А слухов не могло не быть, если бы стреляла пушка с нашей территории, там же множество людей должны были чего-то видеть и слышать. Советских войск у финской границы к тому времени было собрано изрядное количество, а стрельба из пушки - довольно громкое дело, и, если бы такая стрельба на самом деле была, то сотни, если не тысячи, людей с удивлением обернулись бы на звук, тем более, что все готовились к войне, и звук артиллерийской канонады обязательно вызвал бы актуальную мысль "уже началось?" И услышав несколько позднее сообщение московского радио про провокационный финский обстрел, эти же сотни или тысячи людей, хитро усмехнувшись, сказали бы себе "гм, ну я-то слышал, кто тут стрелял", и соответственно слухи про то, что провокация была не финской, а советской неизбежно разбежались бы по широким армейским массам. Ничего подобного В. Степаков не нашел, слухов таких в советских войсках на Карельском перешейке не было. Тем более, в РККА существовало как минимум две службы, в задачи которых (помимо прочего) входило отслеживание слухов - политорганы и особый отдел. Поскольку никто из рукопожатных историков, геев и демократических журналистов до сих пор не привел донесений политработников или особистов о наличии таких слухов, то, скорее всего, их действительно не было.
Из числа финских авторов любопытную и парадоксальную версию предлагает С. Исотало. Он приходит к выводу, что никакого обстрела в Майниле не было вообще. Для этого у него есть два источника знания - российские и финские архивы. Согласно данным российских архивов (со ссылкой на В. Н. Барышникова), С. Исотало пишет, что "даже в штабе 19-го стрелкового корпуса, части которого дислоцировались в районе Майнила, о случившемся узнали в этот день лишь в 21.00 из сообщения московского радио" (12).

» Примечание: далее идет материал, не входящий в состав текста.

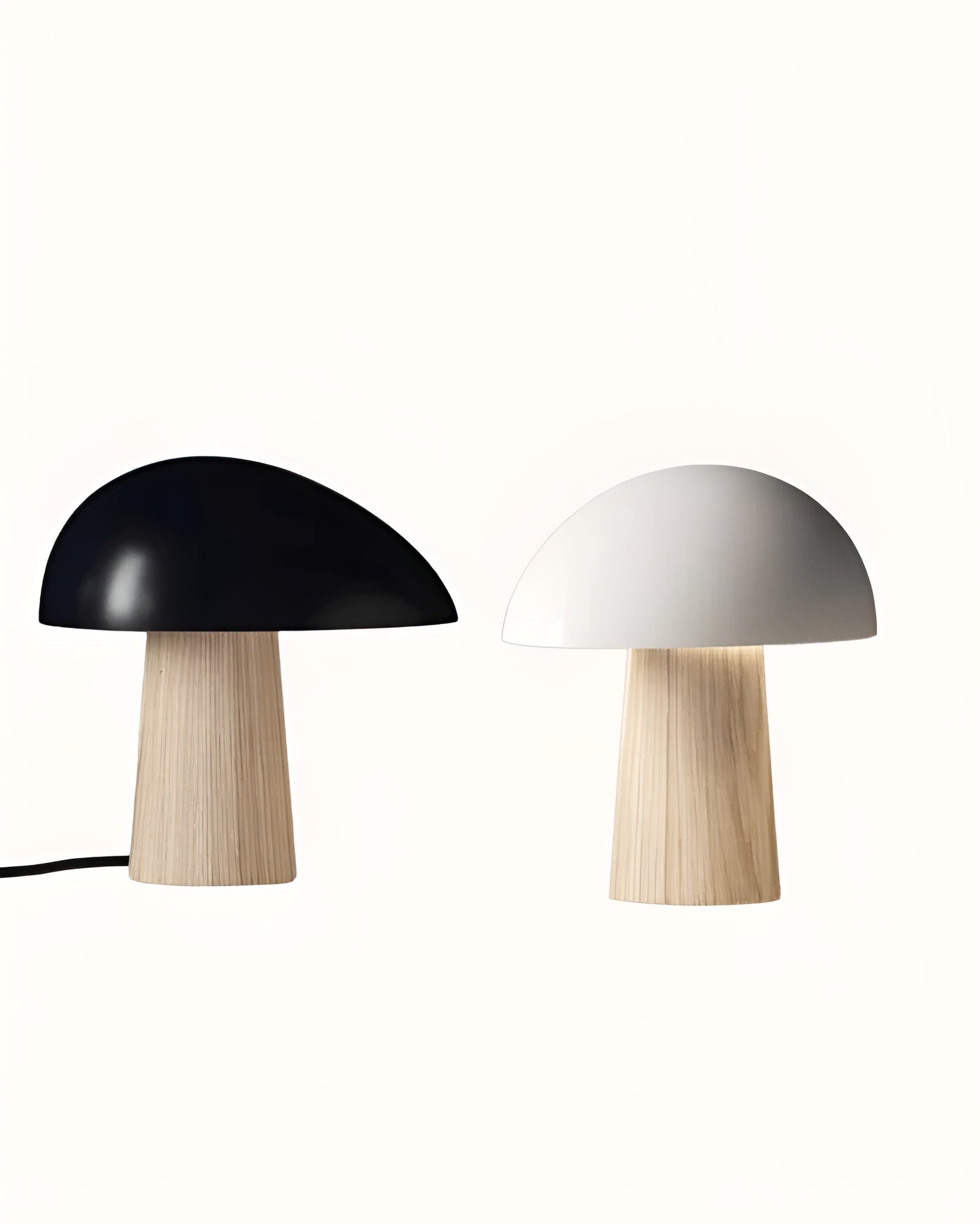 Minimalistisk Bordlampe – Skandinavisk Design med Varmt Lys | Perfekt for Stue og Soverom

Финские пограничники узнали об этом из того же источника. "…Обнаружен рапорт финских пограничников, переданный еще до сообщения московского радио. Он был получен из местечка Сомерикко, находившегося всего в нескольких сотнях метров от места, откуда якобы велась стрельба. 26 ноября в 23.50 из Сомерикко сообщили, что в тот же день в 11.50 русские производили учебную стрельбу из миномета, однако ничего о семи выстрелах в 16.00 не говорилось. Штаб финской армии на Карельском перешейке передал это сообщение дальше в центр в 00.27 уже 27 ноября.
Почти одновременно из Хельсинки поступила телефонограмма о том. что московское радио передало ложную информацию о семи выстрелах, которые произошли в 16 часов.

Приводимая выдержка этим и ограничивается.